Monterrey rejects Houston gas pricing

Aug. 5, 2003
Dissatisfaction over Mexico's reference sales price for natural gas has led industry users to push the Vicente Fox administration for permanent relief, according to a report issued by Mexico Energy Intelligence (MEI), a Houston-based trade publication published by Baker & Associates that covers energy markets and policy developments in Mexico.

By OGJ editors

HOUSTON, Aug. 5 -- Dissatisfaction over Mexico's reference sales price for natural gas has led industry users to push the Vicente Fox administration for permanent relief, according to a report issued by Mexico Energy Intelligence (MEI), a Houston-based trade publication published by Baker & Associates that covers energy markets and policy developments in Mexico.

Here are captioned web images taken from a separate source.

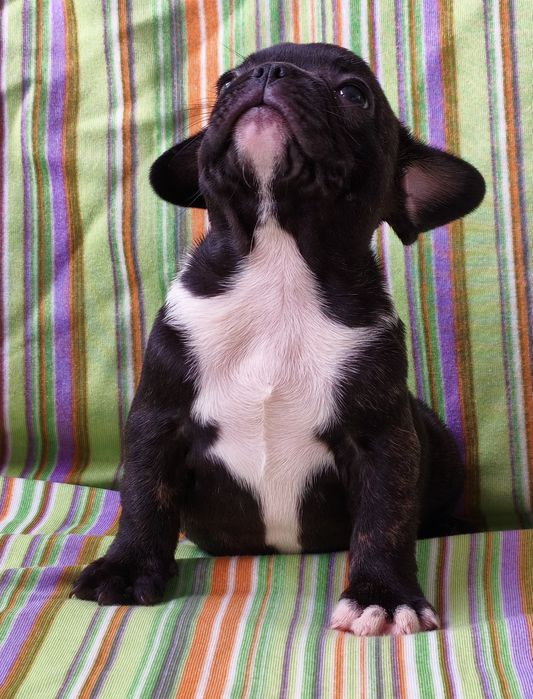 Macho bulldog francês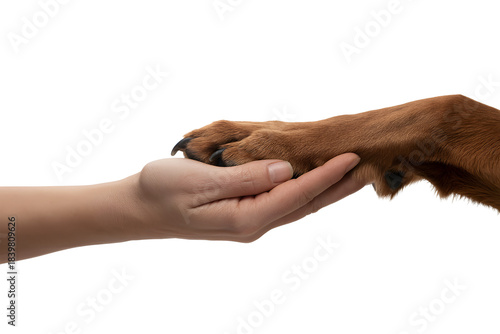 Human hand gently holding a golden retriever puppy paw against a dark background
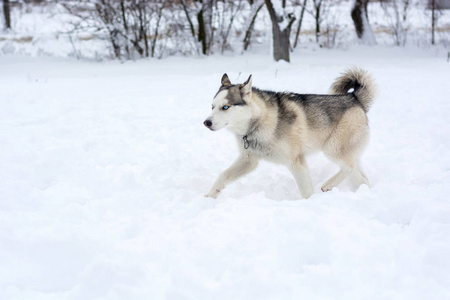 一只哈士奇犬在雪地里奔跑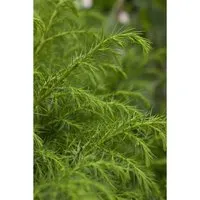 Cryptomeria Japonica Elegans Viridis – Japanische Sicheltanne 20–30 cm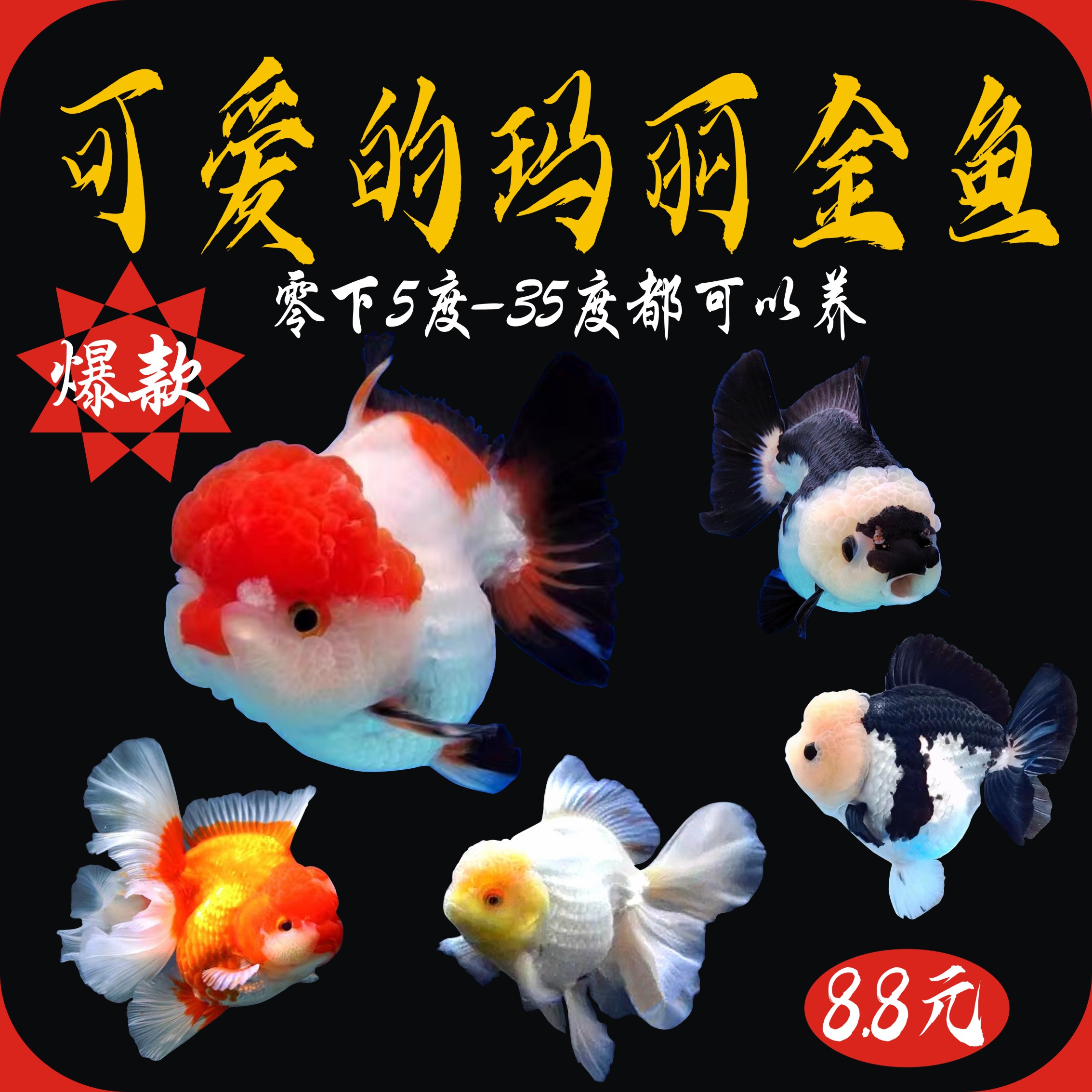 百褶泰狮金鱼精品活鱼进口玛丽金鱼f1红白国粹三色黑白玛丽观赏鱼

From 1996 to January 2001, the Houston Ship Channel's gas hub was the reference price for natural gas sold in Mexico. This netback pricing system was suspended in January 2001 however, at the demand of Monterrey industry, and the government granted price relief through a 3-year contract for $4/MMbtu. This so-called "Mexico price" will end Dec. 31.

Because Mexico cannot compete against competitors with significantly lower gas prices, MEI said, Mexico's National Manufacturing Association on July 1 sent a "sharply worded, confidential" letter to President Fox criticizing the pricing and regulatory decisions of the previous administration that ended in 2000. It also proposed that Mexico adopt a basket of gas prices that reflects the energy input costs of Mexico's competitors, especially those in the 32 countries in which Mexico has signed free-trade agreements. Use of (the higher) US price indexes for natural gas puts Mexico at a competitive disadvantage, the letter reportedly argues.

"The future of Houston-indexed gas prices (in Mexico) is uncertain," commented George Baker, director of MEI. "Offshore manufacturing is motivated not only by lower labor costs but also by lower input costs of power, gas, water, and fuel. US companies went to Mexico for assembly operations, but continue to pay US gas prices. Chinese products are everywhere in Mexico, and gas prices in China are reportedly a quarter of those in Mexico," he observed. "These demands of Mexican industry will force the Fox administration to act—in one way or another."

Baker's report, MEI 64, which provides an overview of natural gas pricing in Mexico since the early 1990s, also examines and critiques the arguments of the letter to Fox, although the text of the letter has not been made public.